7. The scraper according to any of the preceding claims, further characterized in that - the rotary coupling has a shaft (58) which can be inserted into an insertion sleeve (60), - wherein a friction element (66) for stopping against the shaft (58) and / or an inside of the insertion sleeve (60) is provided to dampen relative movement between the shaft (58) and the insertion sleeve (60) against each other.
8. The scraper according to any of the preceding claims, further characterized in that - the rotary coupling has a shaft (58) which can be inserted into an insertion sleeve (60), - wherein a sealing element (66) is provided to seal between the shaft (58) and an inside of the insertion sleeve (60).
9. The scraper according to any of the preceding claims, further characterized in that - the scraper module (26, 126) has a joint (44), wherein the scraping element (42) can be pivoted on the joint (44) with respect to the system carrier (24).

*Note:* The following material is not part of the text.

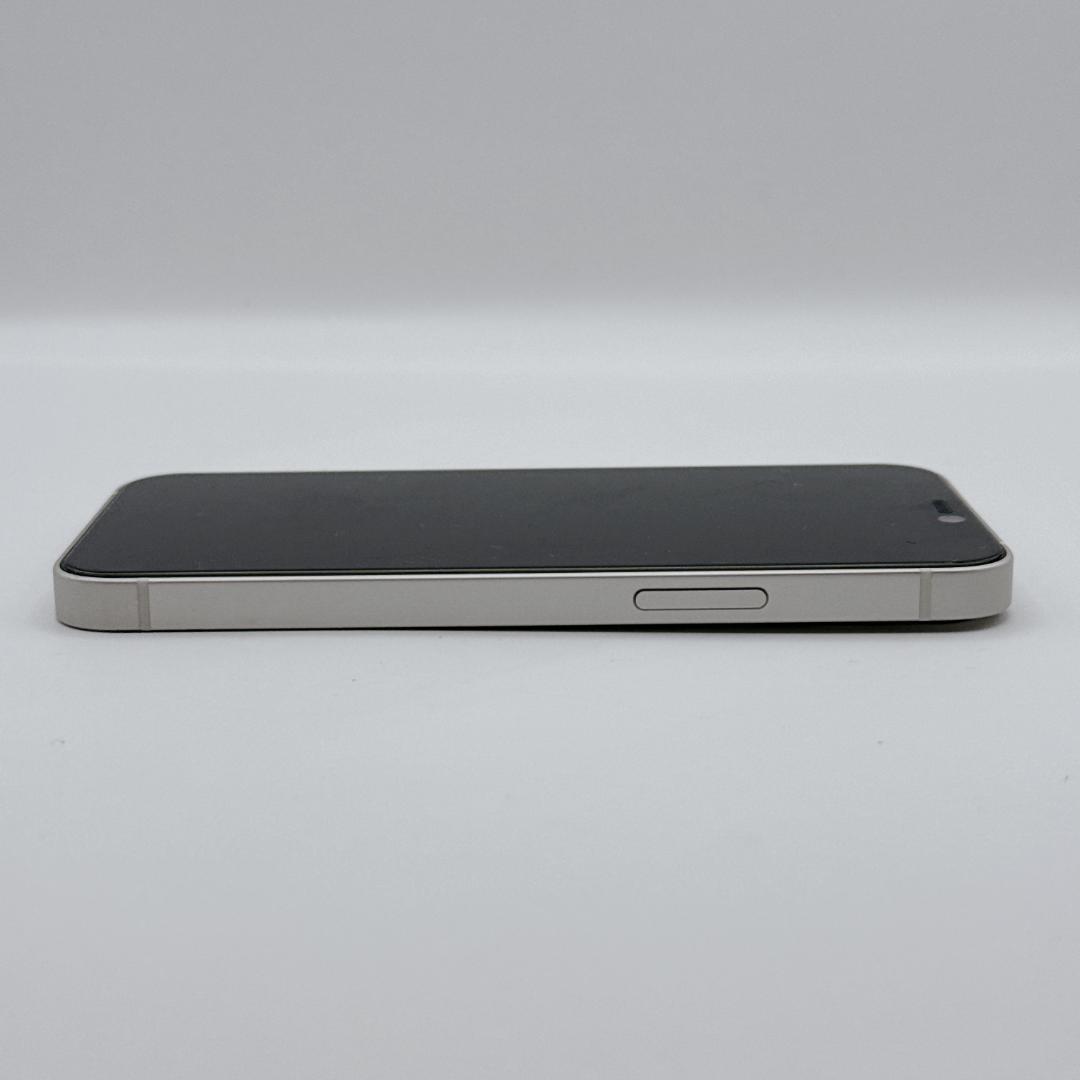 【美品】iPhone12 mini 64GB SIMフリー NGA63J/A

10. The scraper according to claim 9, further characterized in that - a spring element is provided to act on the scraping element (42) in the direction of the conveyor belt (12).
11. The scraper according to claim 9 or 10, further characterized in that - the scraping element (42) is connected via a scraper arm (36) to the joint (44), - wherein the rotation coupling is formed in the scraper arm (36).

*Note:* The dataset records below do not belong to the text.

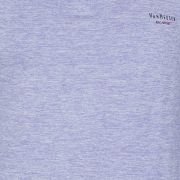 Van Heusen Women’s Polyester Regular Fit T-Shirt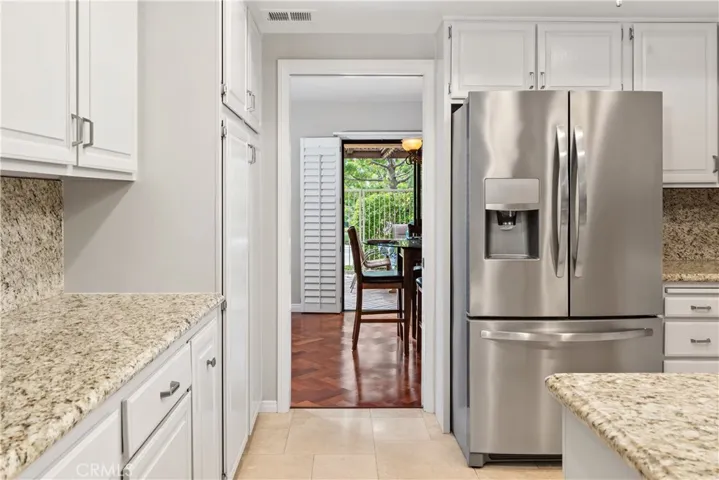 25582 Mainsail Way 32, Dana Point, California 92629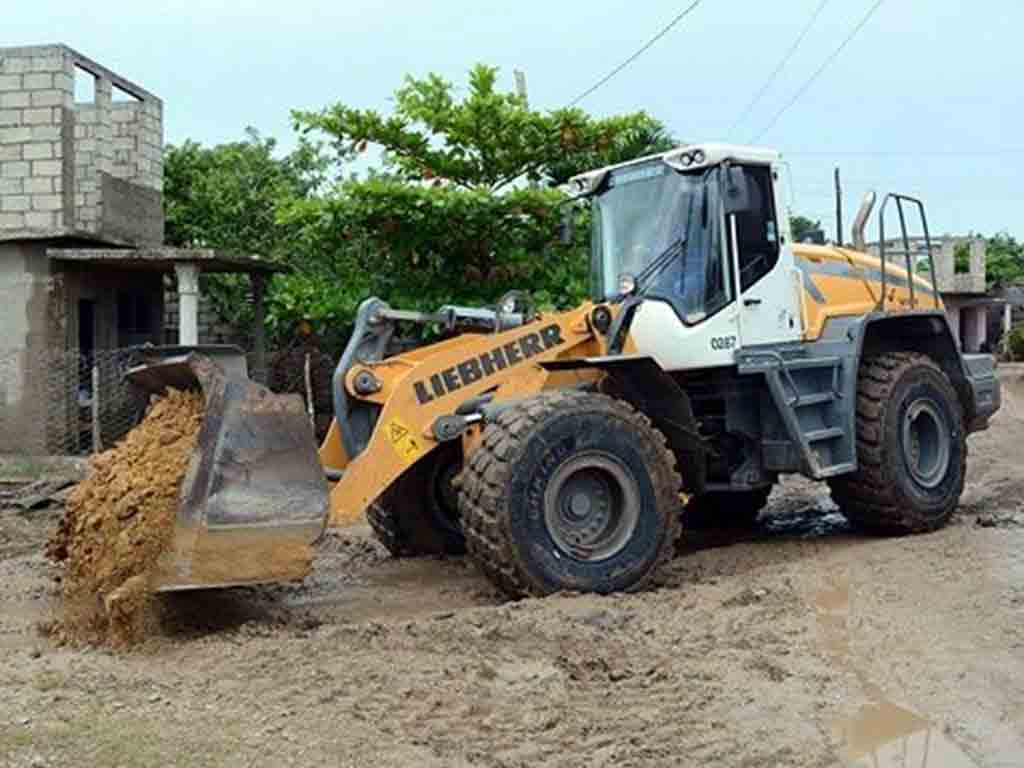  cuba-en-plena-recuperacion-tras-intensas-lluvias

12. The scraper according to any of claims 9 to 11, further characterized in that - a stop (48) is provided for the pivot movement of the scraping element (42).

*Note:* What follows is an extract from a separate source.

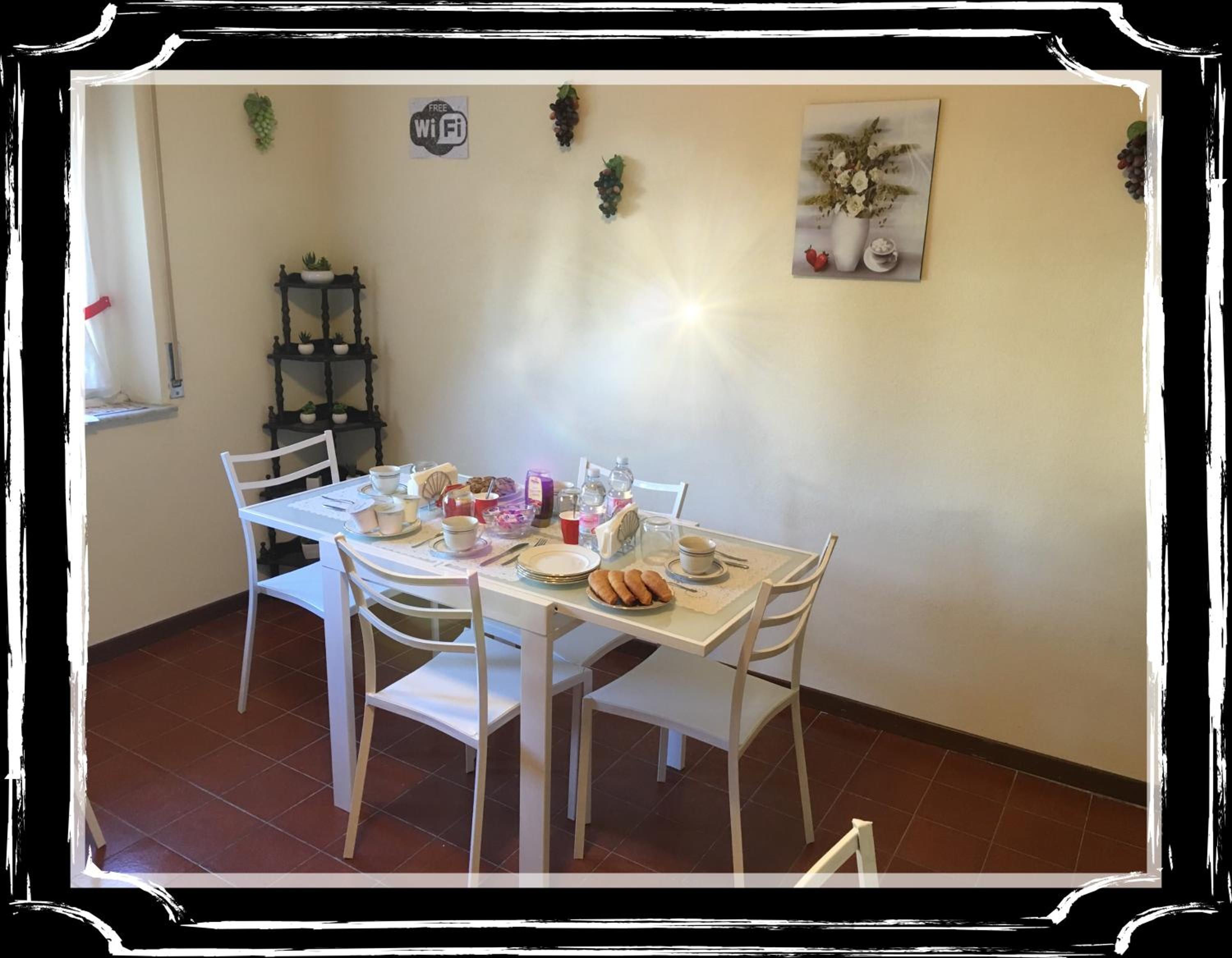 Felix House - Property Image 25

13. A scraper module (26, 126) for a scraper (18, 118) according to any of the preceding claims, characterized in that it has - a base element (32) and a scraping element (42), wherein the scraping element (42) is rotatably attached with a rotary coupling about a rotation axis (64) with respect to the base element (32), - wherein the rotary coupling is configured such that - in a rotational position of the scraping element (42) within a fixed angular range (68b), the scraping element (42) is firmly coupled to the base element (32) with respect to movement in the direction of the rotation axis (64), - and in a rotational position of the scraping element (42) within a release angular range (68a), the scraping element (42) can be separated from the base element (32) in the direction of the rotation axis (64).
14. A belt conveyor, characterized in that it has - a conveyor belt (12), - and a scraper (18, 118) according to any one of claims 1 to 12, - wherein the system carrier (24) is aligned transversely to the conveyor belt (12) - and the scraper element (42) abuts the conveyor belt. 5 15.A method for exchanging a scraping element (42) in a scraper (18, 118) according to any of claims 1 to 12 or in a belt conveyor (10) according to claim 14, characterized in that - the system carrier (24) is brought to a position in which the scraping element (42) is at a sufficient distance from the conveyor belt (12) so that it can be rotated to a rotational position within the angular release range (68a), - the scraping element (42) is separated from the base element (32), - a new scraping element (42), placed in a rotational position within the angular release range (68a), is attached to the base element (32) and is rotated to a rotational position within the fixed angular range (68b).